High power cost weighs down Philippines competitiveness
MANILA, Philippines - The Philippines will continue to lag in global competitiveness unless government addresses the country’s high power cost – considered among the most expensive in the world – to support the manufacturing sector, experts said.
Experts at a recent forum said electricity is the biggest expense for industrial firms, accounting for about a fourth of total costs.
Federation of Philippine Industries (FPI) president George Chua said electricity expense, on the average, accounts for three percent of total production cost incurred by manufacturing firms and even goes higher for material industries such as cement, paper products, iron and steel, industrial chemicals, plastic products, glass products, petroleum refining and rubber products.
A recent study commissioned by power distribution giant Manila Electric Co. (Meralco) showed its rate is third highest in the region in 2016, down from second in 2011. Its tariff is also the fourth highest in Asia-Pacific and 16th worldwide.
This situation is becoming a tough sell for foreign investors to build industries in the Philippines compared with neighboring countries such as Indonesia, Thailand and Malaysia, UP School of Economics professor emeritus Dr. Raul Fabella said.
“Both Filipino-Chinese tycoons and up-and-coming startups from Taiwan, are either moving out of the country to put up their factories in China, or giving us a miss for Vietnam or Thailand, where electricity rates are nearly a third of ours. Electricity in Thailand costs nearly half that of ours, while that in Indonesia is only a fifth of ours,” he said.

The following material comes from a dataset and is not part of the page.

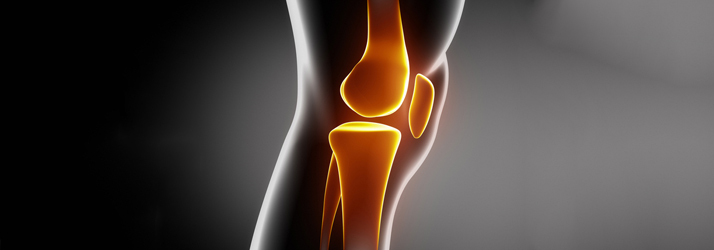 Chiropractic Fort Worth TX Osteoarthritis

The flourishing renewable energy (RE) sector is a welcome development for power-intensive industries but experts warned its expansion should be done in caution to have a sustainable long-term solution to the nation’s energy challenges.
Fabella said all sectors should continue RE development as this will aid in curbing climate change. “But as with any big initiative, we must proceed with caution and extensively study the weaknesses of our innovations, lest they come back to haunt us,” he said.
But too much development of RE will spell more costs shouldered by consumers under the feed-in tariff (FIT) scheme.
“The more RE is utilized in the country’s energy mix, the longer we remain a country with the most expensive electricity. There are serious economic consequences to that. Expensive power makes industrialization less than viable. That spells lesser jobs created and more people poor,” Minimal Government Thinkers Inc. president Bienvenido Oplas Jr. said.
Chua also said “the only reason we have investments going into renewable energy is because a tariff is imposed on all electricity consumers to subsidize alternative power generation. That tariff raises power costs for everyone.”
In the meantime, the Philippines – particularly the manufacturing sector – will continue to depend on coal power for at least five more years, Chua said, as growing businesses seek cheap electricity.
“Philippine power costs are very expensive, that hurts our competitiveness in manufacturing,” he said. “So we really need coal, it’s one of the cheapest sources of power for a country with one of the highest costs in Asia.”